Present Progressive and Simple Past or Simple Present Perfect

In the following sentence I am not quite sure which time I should use in the second part:

I am drawn to XXX, due to the fact that I have attended a lecture that has sparked my interest.

Can anyone give me a hint if I should use Simple Past or Simple Present Perfect?

Comments

  • Both, I think, are possible @clemetti*. PRESENT PERFECT can be justified on two grounds (as well as on others):

    1. An action is reported as happening at an indefinite time in the past.

    2. A state of affairs is reported as the present result of something happening in the past.

    Now [1] is a clear justification for I have attended a lecture

    (Although many American speakers, and some British speakers could say I attended a lecture here)

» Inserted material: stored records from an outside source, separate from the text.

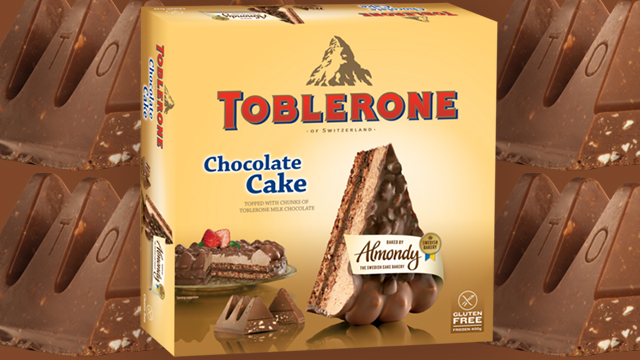 Where to Buy Toblerone Chocolate Cake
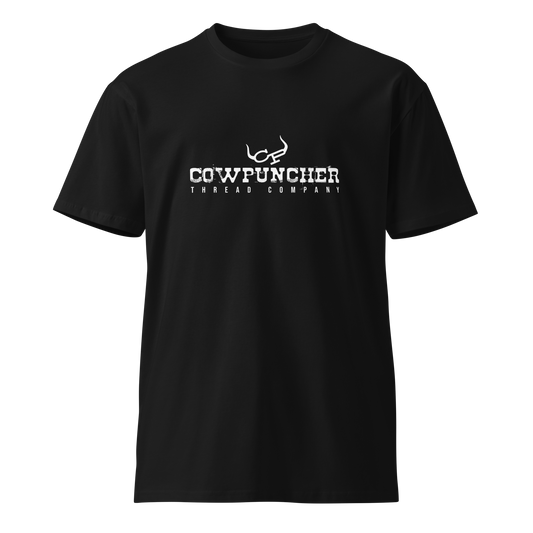 Cowpuncher Brand T-Shirt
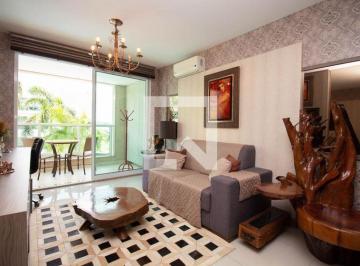 Apartamento · 52m² · 1 Quarto · 1 Vaga · Apartamento para Aluguel - Setor de Clubes Esportivos Sul, 1 Quarto, 52 m² - Brasília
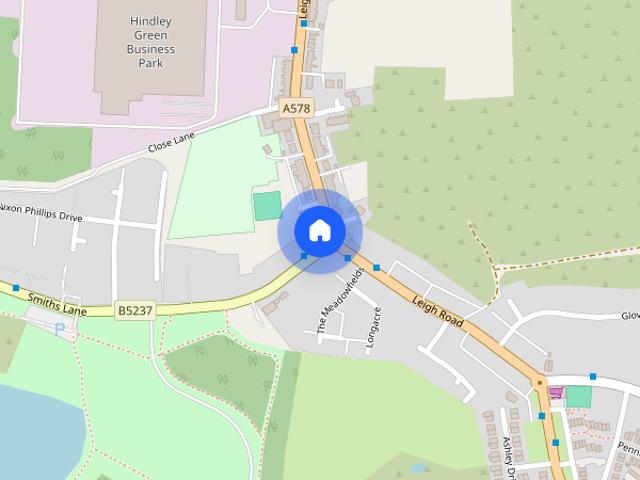 House for rent in Wigan, Greater Manchester
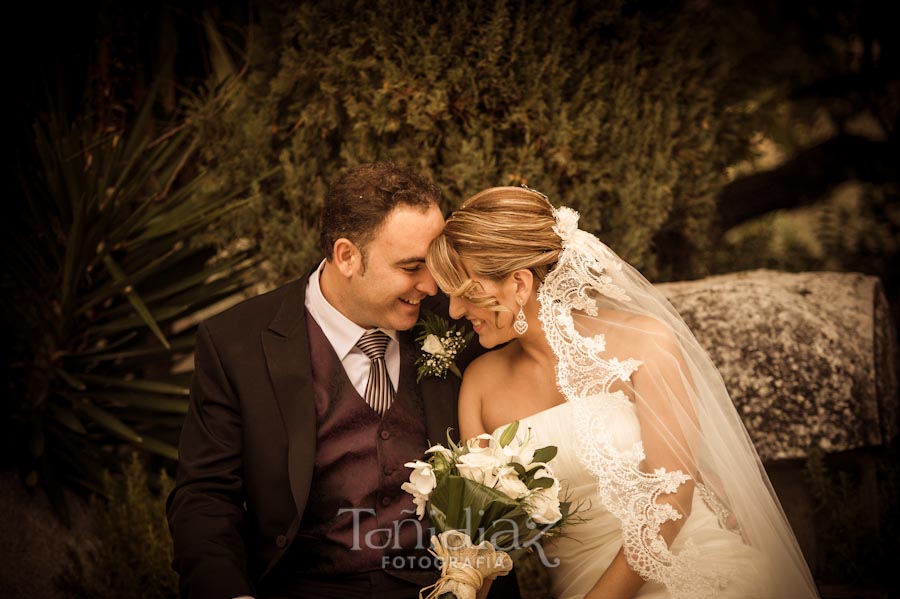 Boda de Rafa y Loli en Castro del Río en Córdoba foto 122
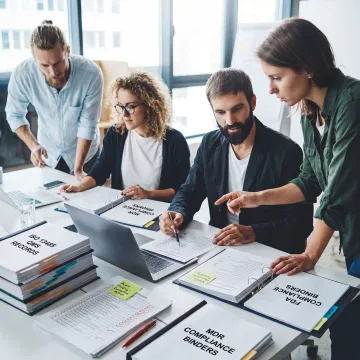 Regulatory QMS & Audit Support Services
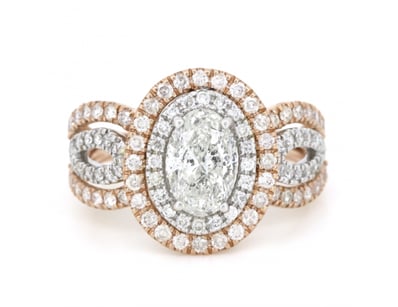 Diamonds Are A Woman's Best Friend (A980) - Lot 1005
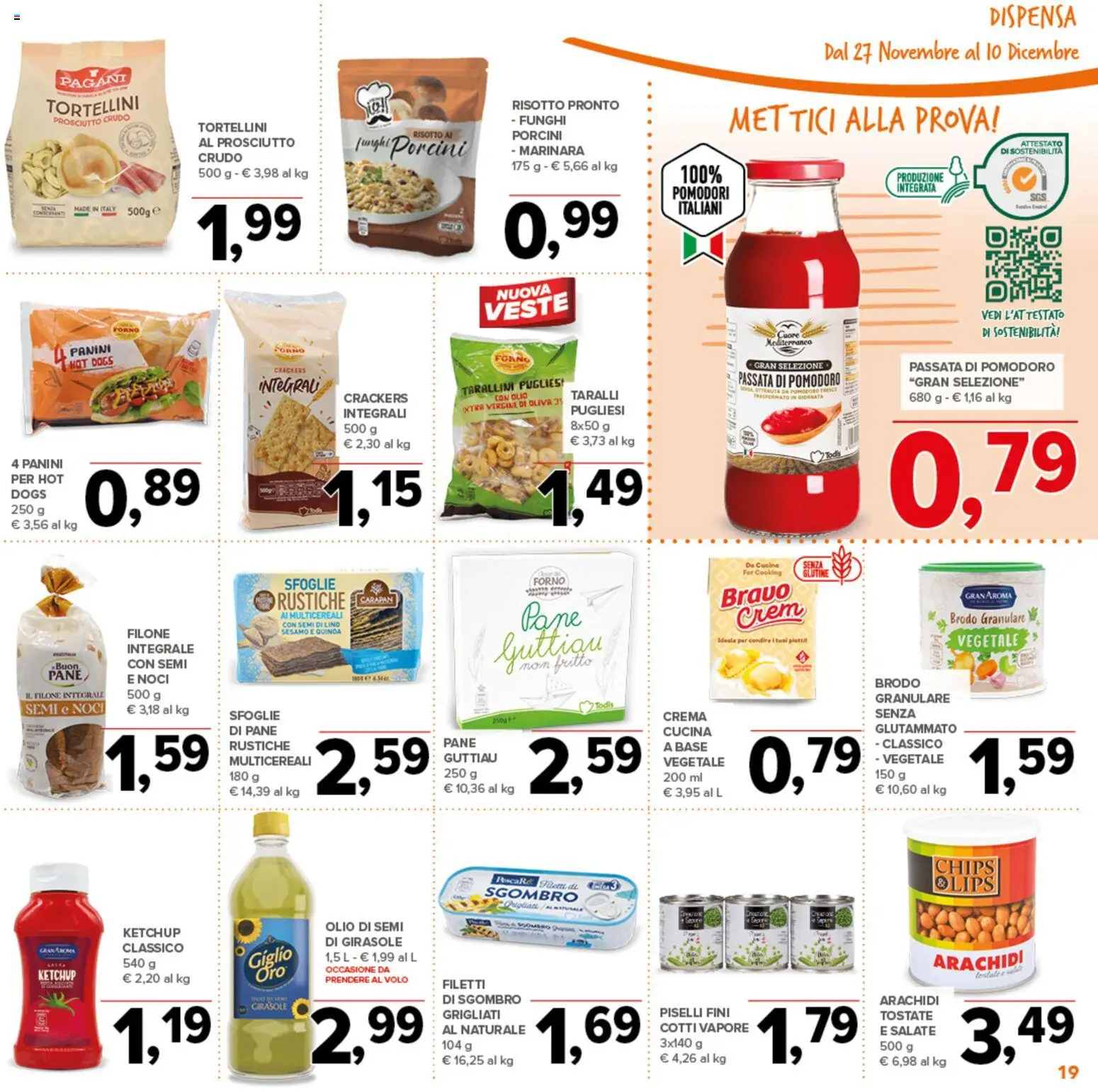 Todis Macelleria catalogo - pagina 19 - valido dal 27/11/2025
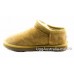 UGG SLIPPER TASMAN CHESTNUT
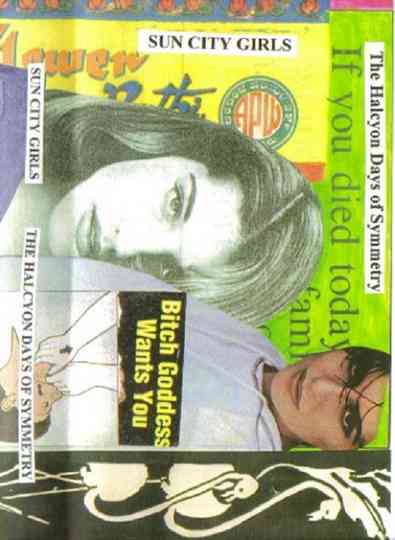 The Halcyon Days of Symmetry Poster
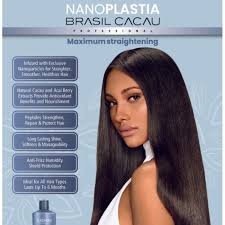 Brasil Cacau Nanoplastia Kit 110ml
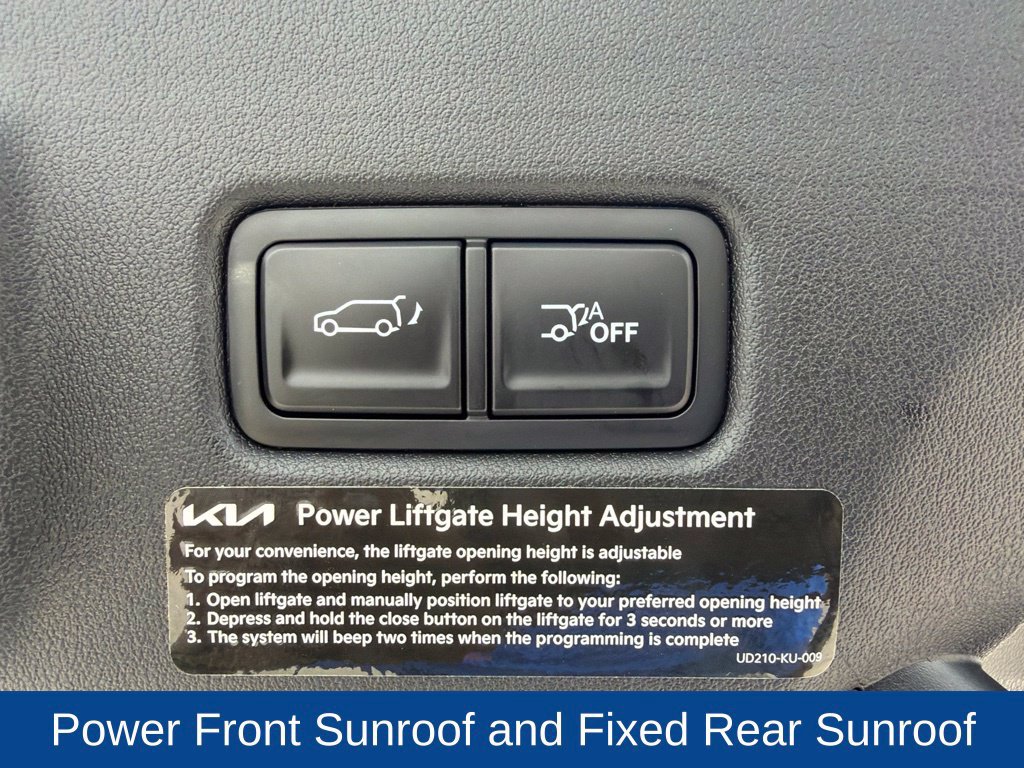 Used 2027 Kia Telluride SX w/ Towing Package FWD image 12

    The converse of [1] is that PAST SIMPLE is normal for an action at a definite time in the past. So we can say I have attended a lecture that sparked my interest on the grounds that the sparking of interest occurred at a definite time — the time of the lecture that has already been mentioned.

    This represents sparking of interest as the starting point for the speaker's growing interest.

    But suppose we see sparking of interest as a present result. In that case [2] can justify I have attended a lecture that has sparked my interest.

    Personally. I'm inclined to see sparking as an event, so I'm inclined to use PAST SIMPLE. But I wouldn't dismiss the other view as wrong.

    I've written about the grammar of the sentence, because that was the question you asked. I'm actually more worried about the vocabulary. I'm not happy with

    • I'm drawn to
    • due to the fact that
    • I attended

    I can see what you mean, but they feel stylistically wrong.